The use of a Dictionary for the closedList is a poor attempt at trying to reduce the List searching time, it used to be closedList.Any(vert => vert == n) but I didn't see great change by the use of each. I'd be really glad if somebody could pinpoint what really slow this down.

Second question : How do you even MultiThread with BFS ? Both the queue and the closed list are very dynamic, is there a solution to work this out with NativeLists ? Thank you for your time.
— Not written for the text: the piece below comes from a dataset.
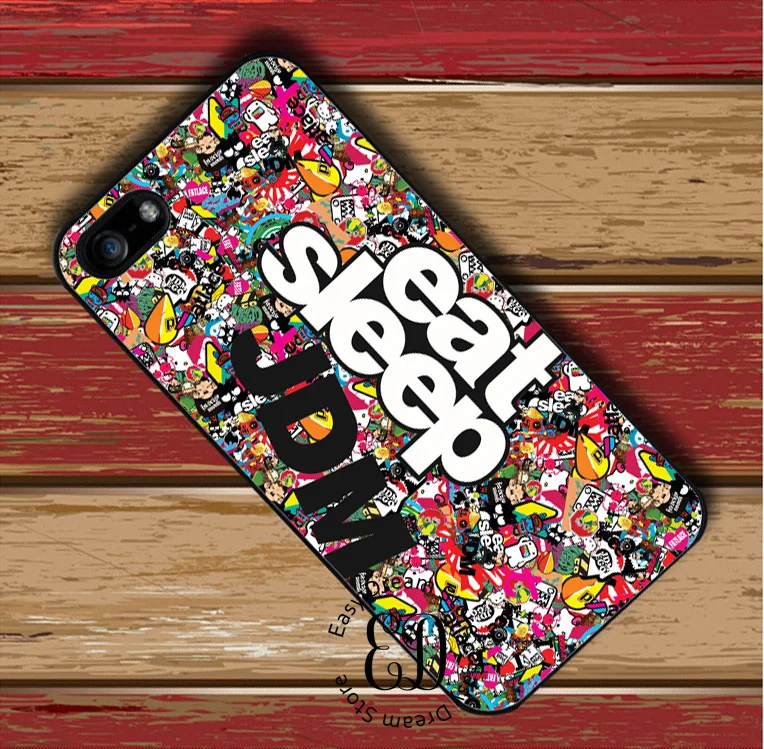 Стикер Bomb Eat Sleep JDM чехол для iphone 11 12 pro X XR XS Max 6 7 8 plus Samsung S10 S20 s8 s9 note 9 10 | Мобильные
Let me know if anything's unclear.


  • Upfront, this may, or may not be suitable in your situation, but as an exercise for myself as much as anything, I thought it'd be interesting to see how fast I could get the execution of the given code.

    I created three methods in my test.

    1. The first was your method verbatim.
    2. The second method was your code, but 'rejigged' but taking the neighbours array creation out of the loop and adding in a Queue<Vector3Int> instead of the List<Vector3Int> as I suspected that the insertion to element 0 of the List<T> might be a big part of the issue in your original code also replacing your Dictionary<Vector3Int, bool> with a HashSet<Vector3Int>. I also replaced Any(v => v == n) with Contains(v). Contains turned out to be significantly faster.
    3. Then the third method I created, I went even further to add a second HashSet to enable a fast lookup of items that were still in the queue.

    I then ran the tests against each method using a StopWatch to record the times. I also ran the last method again, but that time from Task.Run.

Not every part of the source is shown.